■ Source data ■

##########

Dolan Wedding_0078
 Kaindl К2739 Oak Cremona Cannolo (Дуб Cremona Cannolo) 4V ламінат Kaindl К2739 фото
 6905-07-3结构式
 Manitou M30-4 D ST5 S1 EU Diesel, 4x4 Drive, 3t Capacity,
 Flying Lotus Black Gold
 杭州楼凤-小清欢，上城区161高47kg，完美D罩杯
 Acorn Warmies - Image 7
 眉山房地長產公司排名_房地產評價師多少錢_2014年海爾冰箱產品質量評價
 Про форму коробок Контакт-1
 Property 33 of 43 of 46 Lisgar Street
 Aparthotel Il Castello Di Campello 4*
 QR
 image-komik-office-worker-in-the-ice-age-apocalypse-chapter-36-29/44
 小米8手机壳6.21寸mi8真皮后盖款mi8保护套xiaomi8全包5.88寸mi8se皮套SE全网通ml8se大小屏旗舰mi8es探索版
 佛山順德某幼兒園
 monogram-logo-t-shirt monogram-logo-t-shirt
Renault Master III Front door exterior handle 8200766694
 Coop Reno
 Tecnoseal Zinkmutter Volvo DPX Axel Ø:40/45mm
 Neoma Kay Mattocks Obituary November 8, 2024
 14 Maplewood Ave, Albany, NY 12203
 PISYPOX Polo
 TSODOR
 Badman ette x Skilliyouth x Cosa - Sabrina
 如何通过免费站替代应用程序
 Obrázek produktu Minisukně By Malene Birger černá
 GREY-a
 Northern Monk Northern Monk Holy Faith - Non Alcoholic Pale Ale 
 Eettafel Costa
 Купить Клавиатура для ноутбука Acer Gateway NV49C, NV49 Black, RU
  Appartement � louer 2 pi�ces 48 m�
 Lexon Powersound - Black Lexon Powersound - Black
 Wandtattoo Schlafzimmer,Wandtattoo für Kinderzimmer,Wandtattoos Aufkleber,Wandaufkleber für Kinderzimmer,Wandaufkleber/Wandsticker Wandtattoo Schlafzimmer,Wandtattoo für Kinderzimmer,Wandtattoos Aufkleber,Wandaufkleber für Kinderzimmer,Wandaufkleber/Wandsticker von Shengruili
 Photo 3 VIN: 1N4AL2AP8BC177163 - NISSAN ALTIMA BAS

##########

■ Task brief ■
Your task is to copy exactly, and only, the lines from the line with "Obrázek produktu Minisukně" through the last line of the entries, both included.

■ Exercise output ■
 Obrázek produktu Minisukně By Malene Birger černá
 GREY-a
 Northern Monk Northern Monk Holy Faith - Non Alcoholic Pale Ale 
 Eettafel Costa
 Купить Клавиатура для ноутбука Acer Gateway NV49C, NV49 Black, RU
  Appartement � louer 2 pi�ces 48 m�
 Lexon Powersound - Black Lexon Powersound - Black
 Wandtattoo Schlafzimmer,Wandtattoo für Kinderzimmer,Wandtattoos Aufkleber,Wandaufkleber für Kinderzimmer,Wandaufkleber/Wandsticker Wandtattoo Schlafzimmer,Wandtattoo für Kinderzimmer,Wandtattoos Aufkleber,Wandaufkleber für Kinderzimmer,Wandaufkleber/Wandsticker von Shengruili
 Photo 3 VIN: 1N4AL2AP8BC177163 - NISSAN ALTIMA BAS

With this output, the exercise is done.